Segment Open

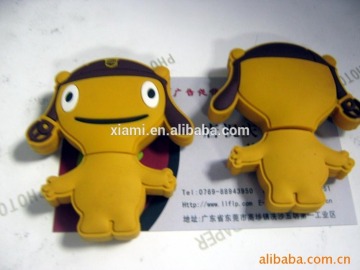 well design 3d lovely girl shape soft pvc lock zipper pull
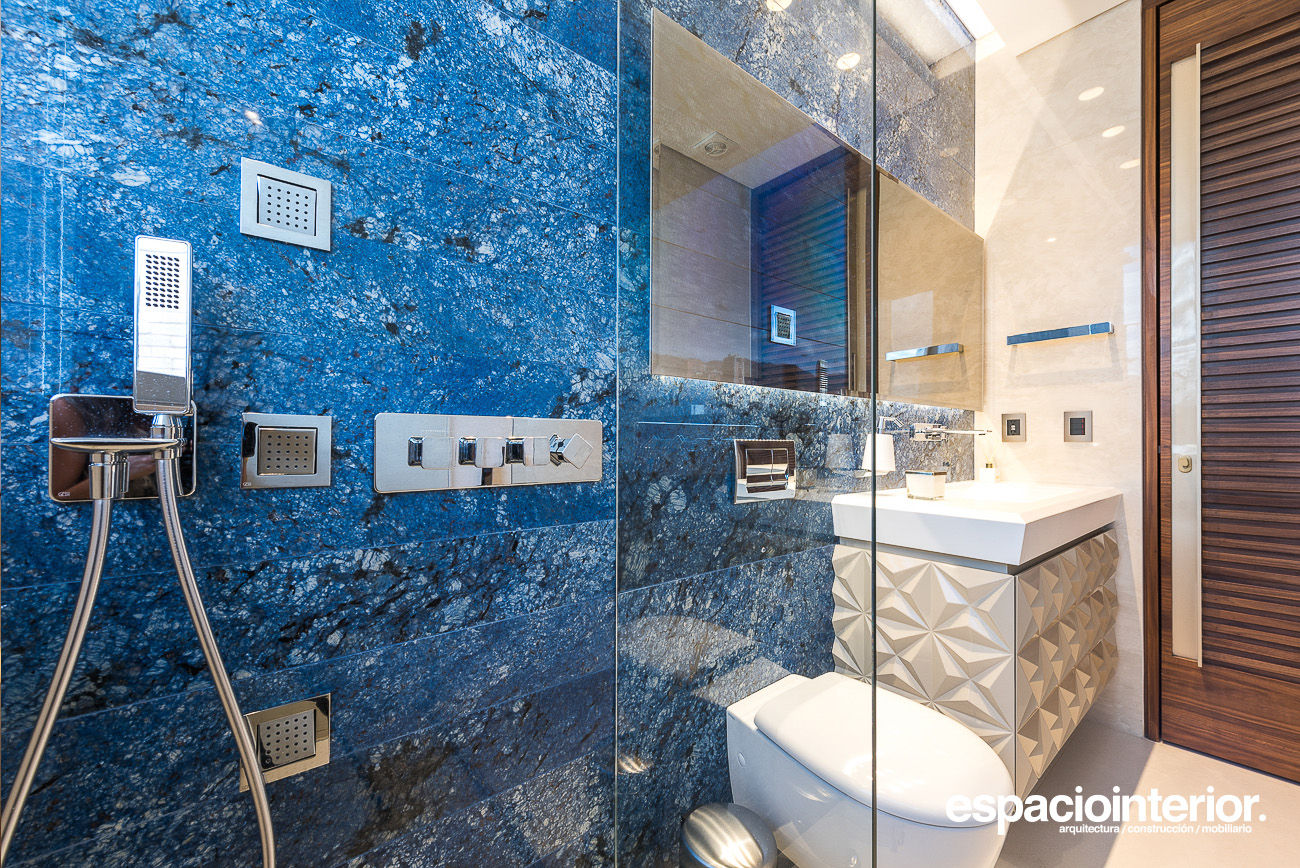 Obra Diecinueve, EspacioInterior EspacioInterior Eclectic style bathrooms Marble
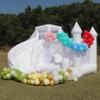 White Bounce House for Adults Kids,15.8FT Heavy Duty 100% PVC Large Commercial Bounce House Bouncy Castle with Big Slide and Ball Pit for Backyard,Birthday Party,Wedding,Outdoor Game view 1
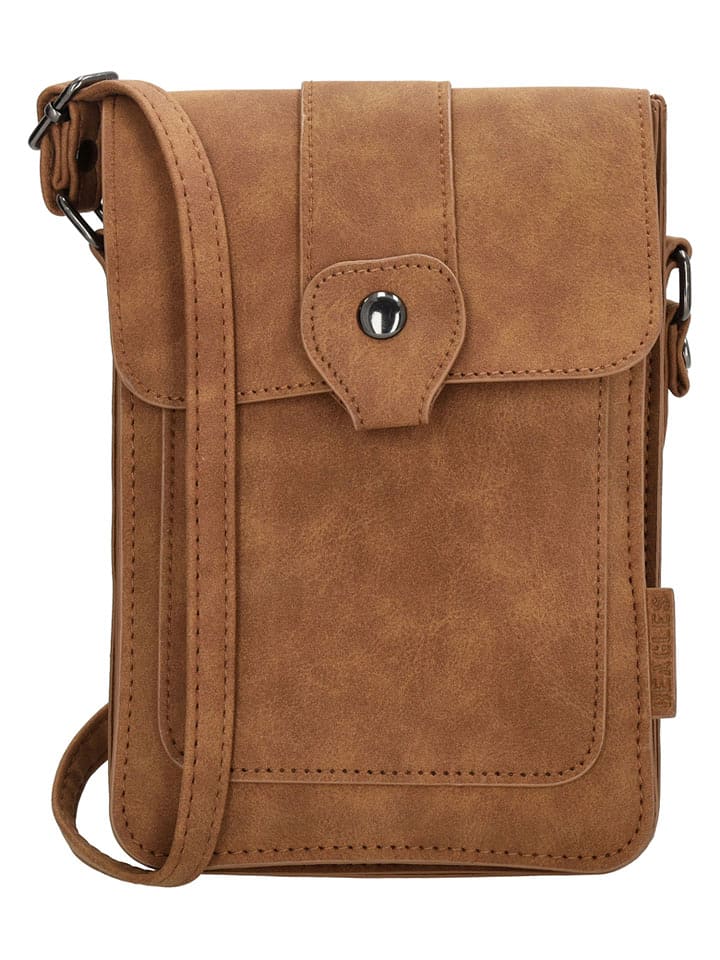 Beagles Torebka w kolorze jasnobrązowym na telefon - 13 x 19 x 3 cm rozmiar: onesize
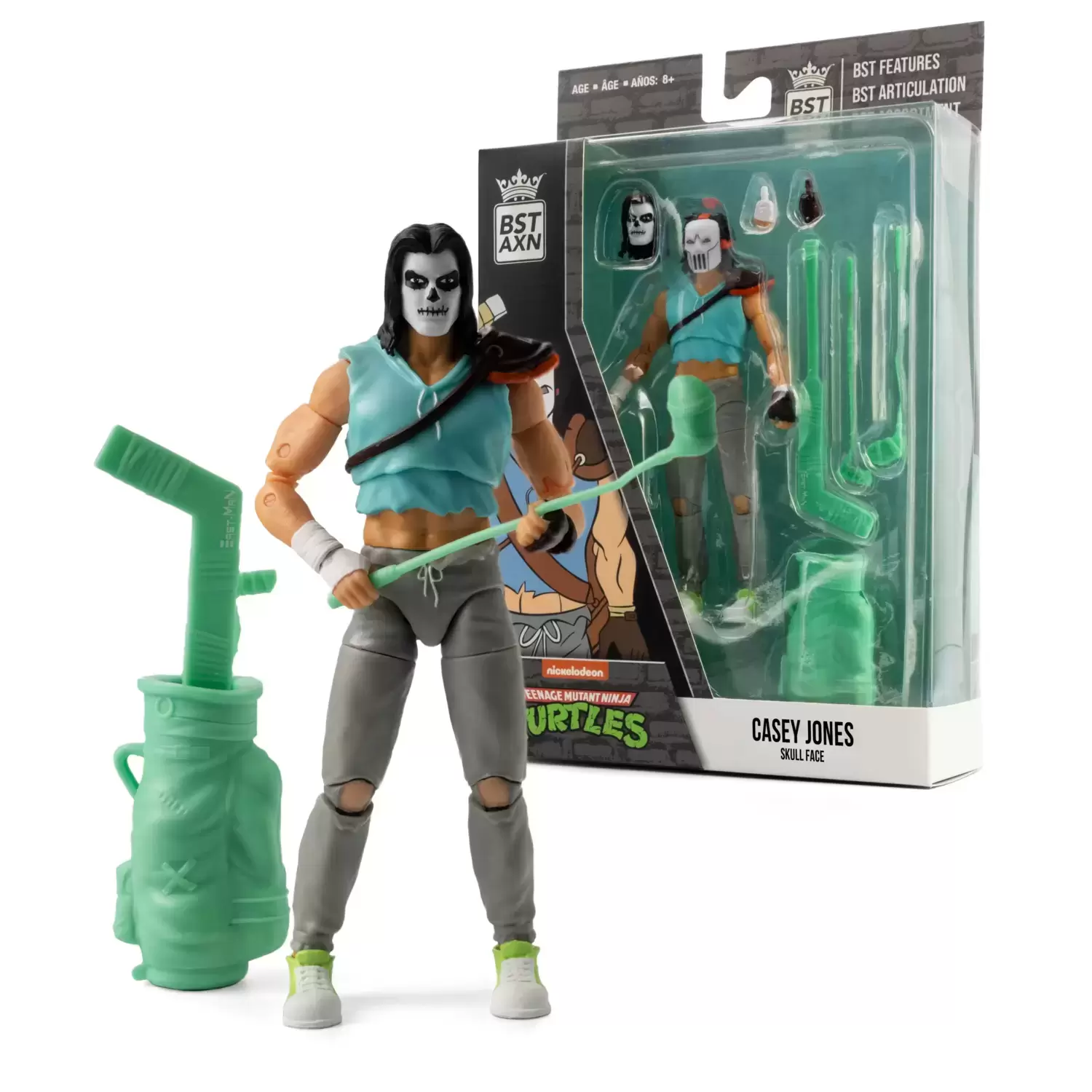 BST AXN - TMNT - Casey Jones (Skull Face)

Segment Closed
Segment Open

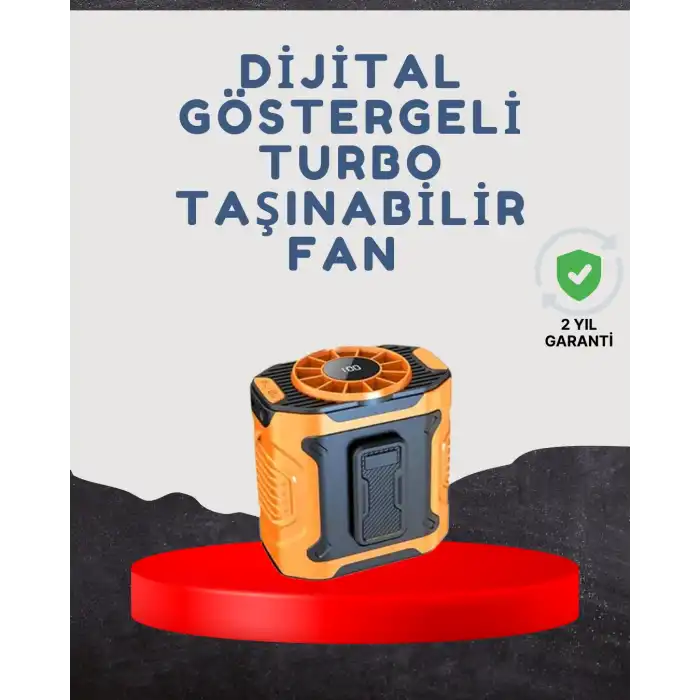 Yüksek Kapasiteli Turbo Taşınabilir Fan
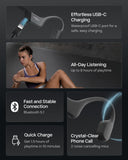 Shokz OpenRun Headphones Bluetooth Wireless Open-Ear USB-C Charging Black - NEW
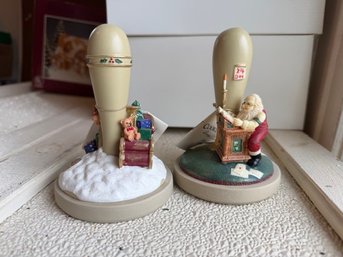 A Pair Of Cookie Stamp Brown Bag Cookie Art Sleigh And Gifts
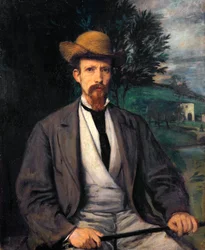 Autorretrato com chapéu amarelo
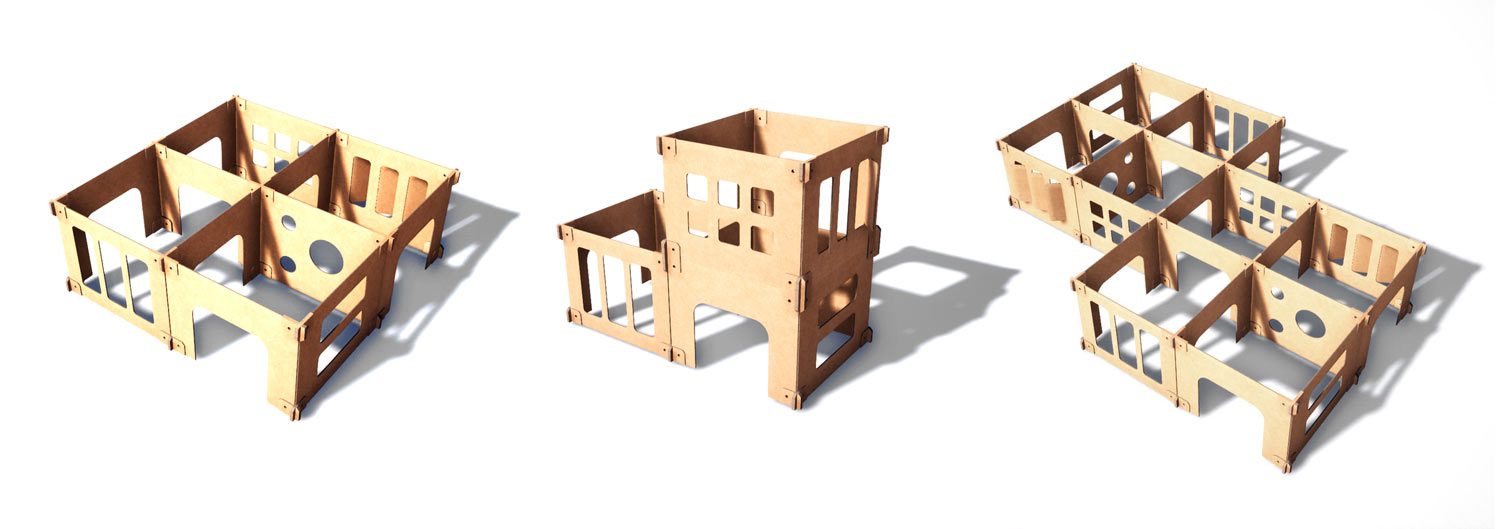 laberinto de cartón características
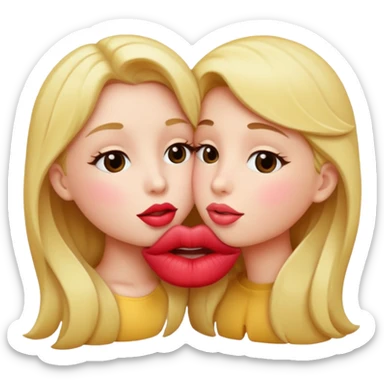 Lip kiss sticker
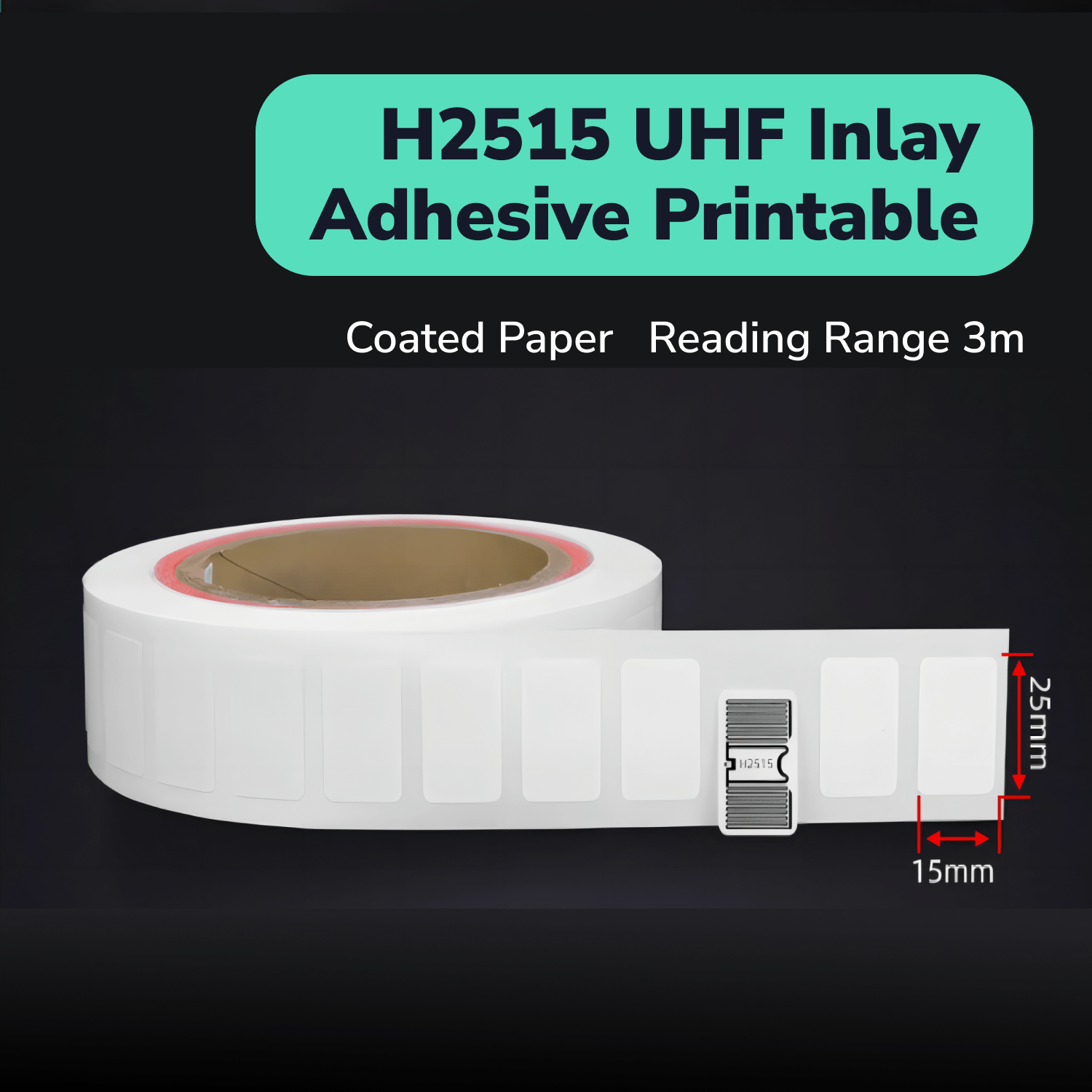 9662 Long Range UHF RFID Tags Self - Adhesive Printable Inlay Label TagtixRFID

Segment Closed

-- Task brief --
The material above holds pictures; leave them out and set down exactly the lines from the line with "well design 3d" to the line with "White Bounce House", both included.

-- Response area --
 well design 3d lovely girl shape soft pvc lock zipper pull
 Obra Diecinueve, EspacioInterior EspacioInterior Eclectic style bathrooms Marble
 White Bounce House for Adults Kids,15.8FT Heavy Duty 100% PVC Large Commercial Bounce House Bouncy Castle with Big Slide and Ball Pit for Backyard,Birthday Party,Wedding,Outdoor Game view 1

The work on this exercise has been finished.